14
Mayıs 2019 tarihinde “Diş Kirası ve Borç Silme Geleneklerimiz Varmış Bir Zamanlar”
başlıklı yazımda Osmanlı’da ramazan aylarında icra edilen iki güzel
geleneğimize işaret etmiştim. Bunlardan biri, “Diş kirası” geleneği idi: İftar
sofrasına katılan davetliler evlerine giderlerken ev sahipleri "Allah'ın
lütfüyle soframıza konuk oldunuz, bizi bahtiyar ettiniz, sizi buraya kadar
yorduk, yemeğimizi yerken dişlerinizi yordunuz, bu da bizden dişinizin kirası
olsun, lütfen şu hediyeyi bizden kabul buyurunuz" anlamında misafirlerine çeşitli hediyeler
verirlermiş. Diğeri de “Zimem defteri” yani “Borç silme geleneği: “Ramazan ayı gelince zenginler rastgele
mahallelere dağılır; gördükleri bakkal veya manava girer, dükkân sahibinden
veresiye defterini isterlermiş. Zengin, borç defterinin rastgele bir sayfasını
açar, dükkân sahibine borcun toplamını hesaplattırır, borcu ödedikten sonra
çeker gidermiş. İşte bu uygulamaya "borç silme" geleneği deniyor. Gördüğünüz gibi sağ elin
verdiğini sol el görmeyecek misali, ne zengin borçluyu tanıyor ne de borçlu,
borcunun kim tarafından ödendiğini biliyor. Zerre kadar riya yok, gösteriş yok
bu uygulamada. Fakirin onurunun
zedelenme durumu yok.
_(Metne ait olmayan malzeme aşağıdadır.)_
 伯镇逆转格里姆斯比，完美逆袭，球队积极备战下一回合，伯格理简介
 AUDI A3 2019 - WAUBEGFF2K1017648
Herhalde bu borç silme geleneğinin dünyada benzer
örneği yoktur.” demiştim.
Bugün o
değilden haberleri dinlerken kulağıma bir haber çaldı. Göğsümüzü kabartan şahane
bir haberdi: Kırklareli Lüleburgaz’da bakkala olan 700 liralık
borcunu ödemeye gelen bir işçi, borcunun olmadığını duyunca “Nasıl olur” diye
önce şaşırır, ardından olayın iç yüzünü öğrenince gözyaşlarını tutamaz. Çünkü kendisinin borcuyla birlikte 20 hanenin
borcunun kayıtlı olduğu veresiye defteri 6 bin lira karşılığında biri
tarafından satın alınmıştır. Haliyle orta yerde borç da kalmamış olur.
Bu
haberin başka benzeri var mı diye sanal aleme bir göz attım. 2018 yılının
Ramazanında Şırnak ili Silopi ilçesinde meydana gelmiş: MÜSİAD üyesi bir grup hayırsever,
iki mahalleye giderek iki bakkal ve bir fırına borç yapan 200 kişinin 15 bin
lira civarındaki borcunu kapatmış.
Göğsümüzü
kabartan ve helal olsun dedirten bu iki örnek Osmanlı’da uygulanmakta olan borç
silme geleneğinin devam ettiğini gösterdi bize. Birbirinin aynısı olan bu iki
örneğin belki de tek farkı ilkinde hayırsever belli değil yani faili meçhul.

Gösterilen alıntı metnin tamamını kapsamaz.